8.            The Management Committee shall meet a minimum of 5 times each year normally bi-monthly at the discretion of the Management Committee. Four members shall form a quorum. Any committee member absent from three consecutive meetings without reasonable cause being shown to the committee shall cease to be a member of that committee.


9.            The Management Committee may co-opt up to 2 members of the Association until the next AGM, with voting rights. At its discretion the Management Committee may co-opt persons from out of the area defined in Rule 1, for the purposes of filling any vacant administrative role (as defined in Rules 6 and 16) but without voting rights.


10.          An Annual General Meeting shall be held in March (or not more than 15 months from the preceding AGM), when the Chairman’s report and statements of accounts shall be presented and officers and members of the Management Committee, be elected as required.

11.          Nominations for officers and members of the committee should be submitted to the Secretary not less than 28 days prior to the AGM. Nominated officers must have one year’s continuous membership and nominated committee members must have six months continuous membership. No nominations will be received in the absence of the nominee, unless supported by written consent of the nominee.


12.          A minimum of 5 General meetings shall be held each year, normally bi-monthly, at the discretion of the Management Committee.

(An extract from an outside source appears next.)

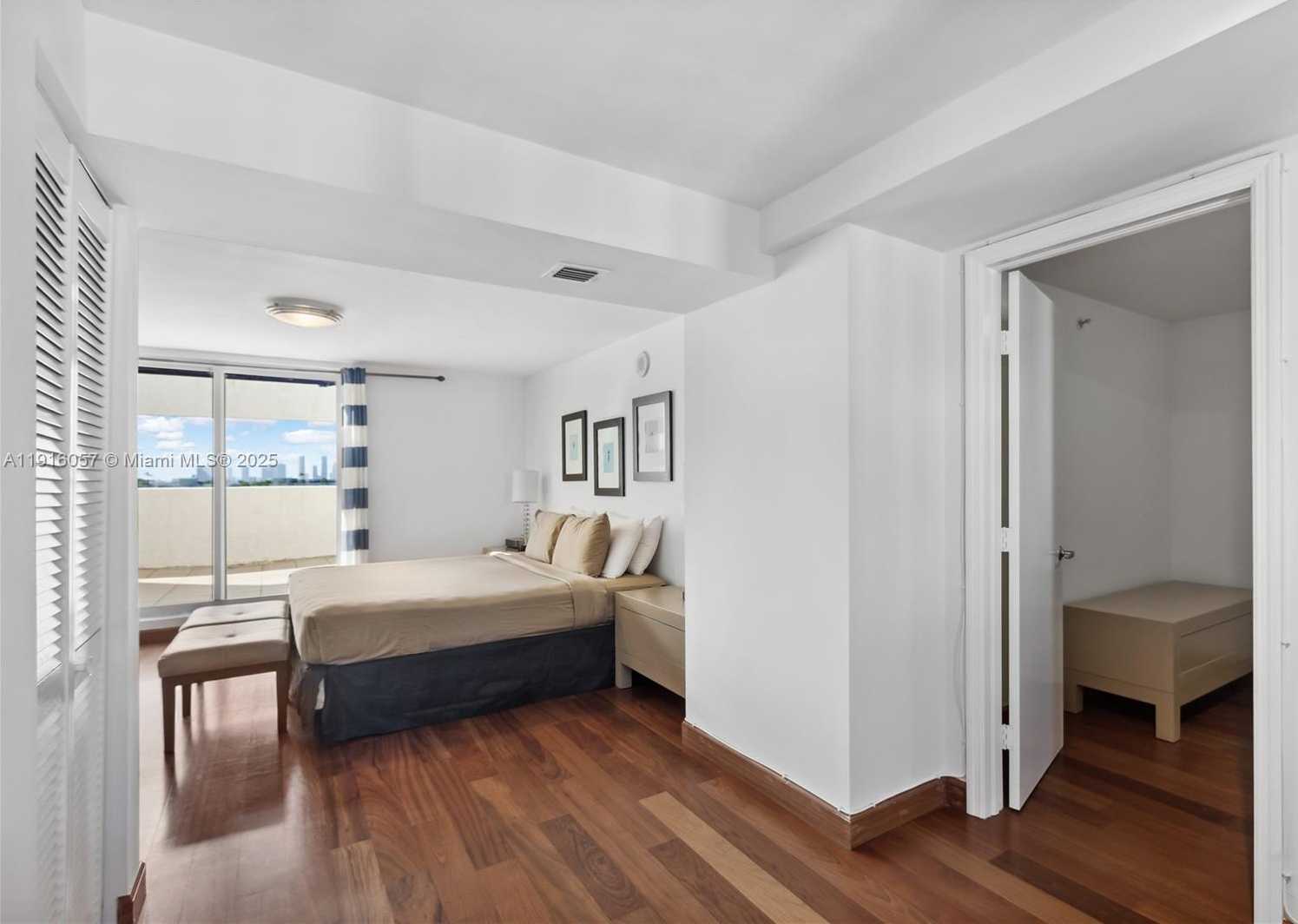 Small Image of 1701 SUNSET HARBOR DR #L705, Miami Beach Number 13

13.          Only paid up members of the Association shall be entitled to vote at Annual and General meetings. No member may vote at any meeting within 28 days of joining the Association. The Chairman of the meeting shall have a second or casting vote. Six members shall form a quorum at AGM’s.


14.          The Hon Minutes Secretary shall prepare and keep minutes of all meetings; such minutes to be approved at the next appropriate meeting.

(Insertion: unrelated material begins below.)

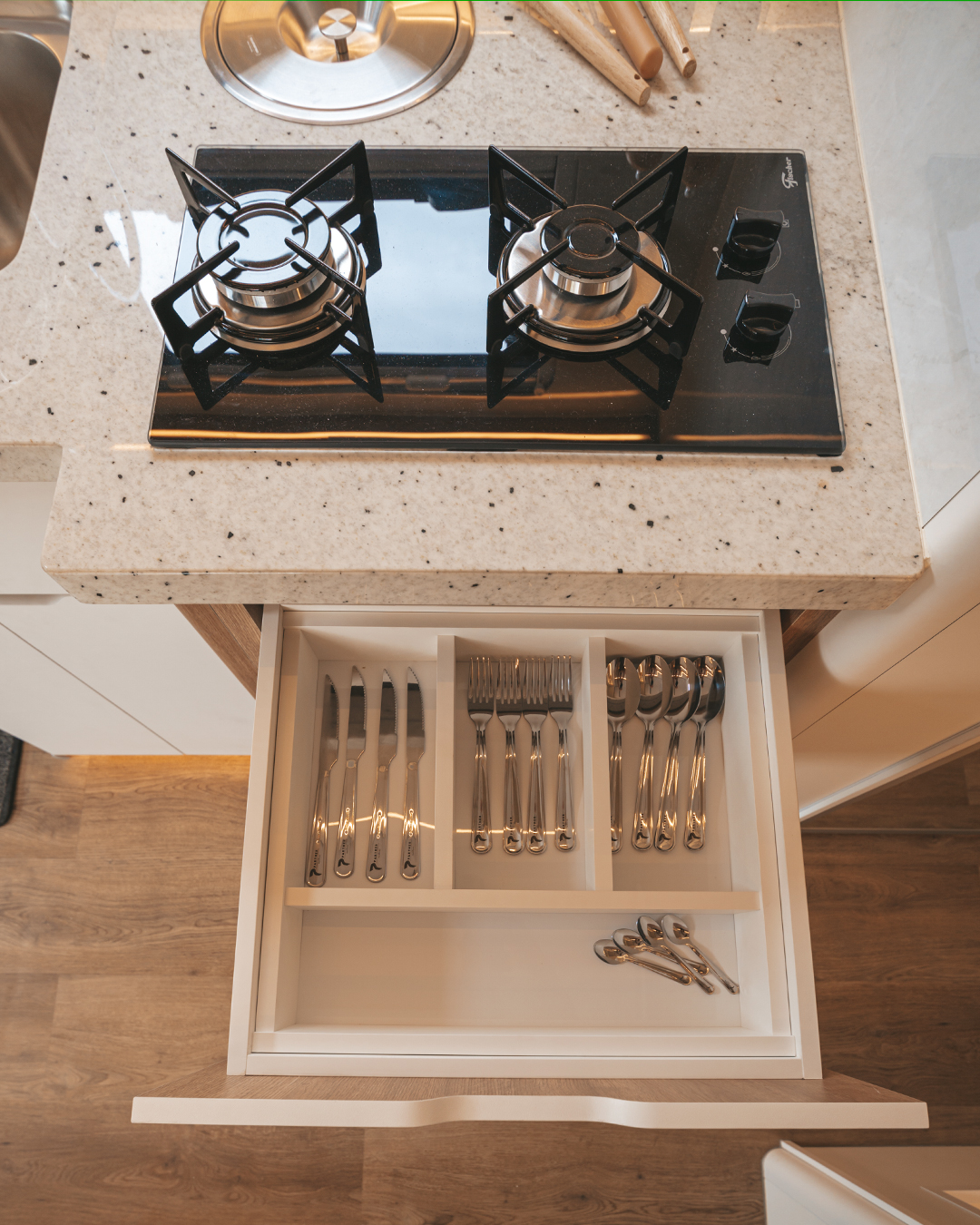 Confident 8.7 - Internal 38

15.          Delegates to other associations shall be elected as required at committee and General Meetings.


16.          All finance, the property of the Association, shall be received by the Treasurer and paid into the banking account of the Association. All payments of the Association shall be by cheque, such cheques being signed by any two of the following: the Treasurer and one other of the authorised Management Committee members. The Magazine Account shall be excluded from this provision and shall be separately administered by the Chairman, Business Manager, Vice-Chairman and Distribution Manager. Any payments from the Magazine Account by cheque need to be signed by the Business Manager and one other of the authorised Management Committee members. The Business Manager is authorised to transfer monies to the Association’s Treasurer Bank Account and to pay Magazine bills by online banking facilities. At each Committee meeting the Business Manager is to present current Bank Statements, paying-in book, cheque book and vouchers showing expenditure.


17.          The Business Manager, Distribution Manager, Editor and Secretary/Minute secretary shall be appointed annually by the Management Committee and be ex-officio members of that committee with voting rights at the discretion of the Management Committee. The Management Committee may remunerate any member of that committee for services rendered to the Association provided the services are of special value.


18.          Three calendar months’ notice in writing of a proposal to change or add to the rules to be given by the proposer and brought to the attention of the committee. Such change or addition is to be made only at an Annual General Meeting or an extraordinary General Meeting called by at least twelve members.


19.          Association Councillors may not hold office as defined in Rule 6. They are ex-officio members of the Committee with voting rights.


20.          If the Management Committee by simple majority decides for any reason it is advisable to dissolve the Association, it shall call a meeting of all voting members giving not less than 21 days’ notice, (stating the terms of the resolution to be proposed thereat), by appropriate notification in the Association’s magazine. If such a decision shall be confirmed by simple majority of those present, the Management Committee shall have power to dispose of any assets remaining, after the satisfaction of any proper debts and liabilities, towards local charitable purposes.